There has been significant research to quantitatively and qualitatively evaluate single-modality and human performance in HAVEs. In [2], auditory sensory feedback was evaluated in a collaborative visual and haptic environment quantitatively by measuring the task completion time and also qualitatively by interviewing subjects. It has been shown that adding auditory feedback has enhanced the performance of participants in an object manipulation application. In [3], a standard Fitts` task was used to evaluate human performance in a selections task with and without haptic feedback. Researchers in [4] have evaluated the addition of visual feedback in haptic-enabled Virtual Environment (VR) in the influence of visually observing object deformation in the user perception of static and dynamic friction. Recently, haptic feedback has received a wide attention from researchers. In a motion tracking application, for example, where a vibro-tactile feedback is provided for users if they deviate from the desired trajectory, performance was studied [5]. Although the addition of haptic feedback in [5] has not reduced motion errors, it enhanced user experience reported by survey responses. Haptic feedback has also been recruited in training simulators. The ability of trainees to learn faster by adding haptic feedback to computer simulation for coursework teaching and driving training was evaluated in [6, 7] respectively. Haptic feedback has also been used as an assistance in a writing training application between an expert and a beginner [8]. In a tele-operated tasks, the added haptic feedback has improved the user`s performance to remotely manipulate objects using a robotic arm [9].

Additionally, a few studies have looked into the evaluation of dual-sensory-modality performance in HAVEs. In a collaborative environment, verbal communication and haptic feedback were evaluated in a navigation task as well as a combined haptic and verbal in terms of task completion time [10]. Results show that participants under haptic only condition take longer to complete the task. A hockey game was tested using different combinations of dual-sensory-modality and three-sensory-modality in a collaborative environment. Dual-sensory modality and three-sensory-modality combinations were also studied in [11] by presenting stimuli and the user responds by pressing the corresponding button.

Most of the current research focuses on evaluating quantitative task performance [9, 1218], tele-presence and social presence [12, 1921], subjective performance [2225], user experience [1, 6, 26] and subjective perceived safety [1]. In this paper, subjective measures and objective measures are used to assess different combined sensory-modality. This paper also evaluates the amount of cognitive workload for different single-sensory modalities investigates the effects of workload on task performance.

3 Methods

3.1 Participants

Twenty-nine participants volunteered for this experiment. All participants are male and female undergraduate and graduate students from the University of Waterloo. All participants were regular computer users. Demographic data has not been collected from participants.

3.2 Experimental Design

A between-subject design is utilized in this experiment. There are three trials; the first trial consists of a primary task only, the second trial adds a secondary cognitive, and the third trial is conducted under the same conditions as the second trial. The independent variables are the indications sent to the participant. The indications differ according to the trial in which the participant is volunteering. There are three different trials with differing primary tasks; Audio-Visual (AV), Haptic-Visual (HV) and Audio-Haptic (AH). The dependent variables are the time it takes the participants to press the virtual button (response time measured) and the number of times the participant presses the correct button (accuracy).

3.3 Procedure

The implementation of this experiment includes two different tasks: a primary task and a secondary task. During each experiment, each participant has to perform three trials. The first trial includes the primary task only. The second and the third trials include the primary task and the secondary task. The purpose of the third trials is to indicate the learning effect for each condition.

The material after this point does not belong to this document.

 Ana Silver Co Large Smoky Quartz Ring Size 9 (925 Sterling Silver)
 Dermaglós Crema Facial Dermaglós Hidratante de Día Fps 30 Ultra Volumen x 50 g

The primary task includes three different feedback modalities; they are auditory, visual and haptic. In the primary task, two of the modalities are combined to form the indications to press the virtual buttons; the combined modalities are Audio-Visual (AV), Haptic-Visual (HV) and Audio-Haptic (AH). During each primary task, every participant is introduced to only one of the combinations.

When the first trial is started, the participant has a one-minute training to get familiar with the operation of the haptic device. The participant also has a one-minute training in the second trial. For each primary task, each participant presses the virtual button that is indicated by the feedback combination. Depending on the combined feedback modes, the participant receives a flash of light from the button itself, a tone from the headset or a force from the haptic device.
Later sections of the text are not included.